Zebulun and Naphtali are just Sunday school words to most of us. They were northern tribes in Israel. Ethnically diverse. "Highly populated. Open to new ideas." Cosmopolitan. In need of light. And Jesus was determined to shine there.
The human predicament is that people stumble around in darkness. We avoid light. Even in ourselves. Even though "we're as sick as our secrets." What would it mean for light to shine there? Where the worst stuff incubates. Where hope coagulates.
"The light shines in the darkness, and the darkness can never extinguish it" (John 1:5).
If we crack open the basement door, even a little, light gets in. And I did that years ago. Cracked open the door. Thinking that was that. But all these years later I'm finding there's more. I can climb the stairs and breathe the fresh air. Light isn't just a dawning. One and done.

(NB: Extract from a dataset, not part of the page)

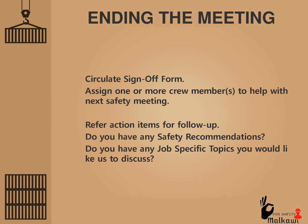Ending the meeting: Circulate the sign-off form. Assign one or more crew members to help with the next safety meeting. Refer action items for follow-up. Do you have any safety recommendations or job-specific topics you would like us to discuss?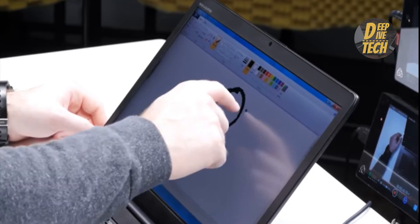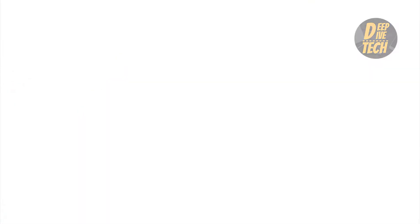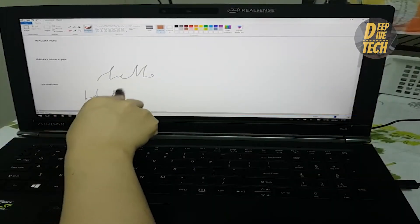Perfect. Now you can enjoy your brand new touch display and bring your creativity to life. You can use fingers, pen, or even drumsticks as an input device.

If I crawl out of the basement, there's a world out there. A well lit path. Jesus said, "Your eyes are windows into your body. If you open your eyes wide in wonder and belief, your body fills up with light. If you live squinty-eyed in greed and distrust, your body is a dank cellar. If you pull the blinds on your windows, what a dark life you will have!" (Matthew 6:23, MSG).
I'm an amateur at Advent, but I'm learning that the journey means more candles are progressively lit until all is well-lighted.